Abstract: Climate change has already had a major impact across the United States. In the West, we are experiencing less winter snowpack accumulation, longer springs and hotter summers. This coupled with a hundred year’s of fire suppression creates a perfect environment for the wildfire to spread. Both operationally and to inform public policy, we need physical spread models, as well as impact assessment models built on them. However conventional approaches are generally coarse in scale, out of date, and error-prone.
The most important physical variable is the accumulation of brush and forest debris beneath forest canopy - but this is difficult to detect with 30-60m pixels. Fuel moisture is similarly important and highly variable in space and time - but typically measured in only at a few dozen weather stations per region. The locations of people and infrastructure are clearly primary socioeconomic variables. Yet conventional models treat all people as identical and don’t map anything much smaller than a census block. This session explores how modern data science techniques and GPU-accelerated analytics can be combined with better data to improve outcomes.
Taking California as a case study, we start with disaggregate data from a Microsoft ML model, providing a building footprint for each building in the state (10 million in total). We then consider forest structure data from the California Forest Observatory, also generated using ML models. At 10m/pixel, this amounts to 400m pixels per time slice (4) per variable (5). To concentrate on wildfire risk for households, we use the fire science concept of “defensible space” and buffer buildings to extract surrounding forest conditions. Over the last four years, California has experienced some devastating fires, and their perimeters are available as open data. Lastly, we resample census demographic data at the household level, to get estimates of total population and subsets of that population with special needs.
What can we learn from this data? First, we deploy unsupervised learning techniques and in particular cluster analysis. When applied to the biophysical data, this supports the classification of the ‘defensible space’ surrounding millions of buildings. When we add the social and fire history data, we can further characterize the relationships between people, landscape management, and outcomes. Second, when we apply supervised techniques such as Random Forests, we can explore the factors correlated with particular outcomes.

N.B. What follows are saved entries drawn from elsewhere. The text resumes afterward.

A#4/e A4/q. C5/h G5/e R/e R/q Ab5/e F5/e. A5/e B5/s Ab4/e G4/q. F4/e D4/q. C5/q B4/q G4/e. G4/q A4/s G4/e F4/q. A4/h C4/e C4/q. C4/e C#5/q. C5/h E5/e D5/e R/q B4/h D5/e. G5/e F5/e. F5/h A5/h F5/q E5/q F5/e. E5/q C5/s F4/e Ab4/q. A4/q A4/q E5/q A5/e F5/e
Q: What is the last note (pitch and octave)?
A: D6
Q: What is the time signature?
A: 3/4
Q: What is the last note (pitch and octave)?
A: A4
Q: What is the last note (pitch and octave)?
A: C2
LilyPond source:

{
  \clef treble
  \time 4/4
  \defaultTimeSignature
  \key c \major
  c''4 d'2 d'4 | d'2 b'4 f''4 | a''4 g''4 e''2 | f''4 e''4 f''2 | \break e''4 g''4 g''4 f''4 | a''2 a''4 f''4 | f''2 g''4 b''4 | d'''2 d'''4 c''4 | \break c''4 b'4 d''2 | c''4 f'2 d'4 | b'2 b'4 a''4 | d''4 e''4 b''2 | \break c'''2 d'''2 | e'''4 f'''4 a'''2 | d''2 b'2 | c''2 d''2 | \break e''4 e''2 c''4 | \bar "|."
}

Bio: Dr. Michael Flaxman is OmniSci’s Product Lead. In addition to leading product strategy at OmniSci, Dr. Flaxman focuses on the combination of geographic analysis with machine learning, or “geoML.” He has served on the faculties of MIT, Harvard and the University of Oregon. Dr. Flaxman has participated in GIS projects in 17 countries. He has been a Fulbright fellow, and served as an advisor to the Interamerican Development Bank, the World Bank and the National Science Foundation. Dr. Flaxman previously served as industry manager for Architecture, Engineering and Construction at ESRI, the world’s largest developer of GIS technology. Dr. Flaxman received his doctorate in design from Harvard University in 2001 and holds a master’s in Community and Regional Planning from the University of Oregon and a bachelor’s in biology from Reed College.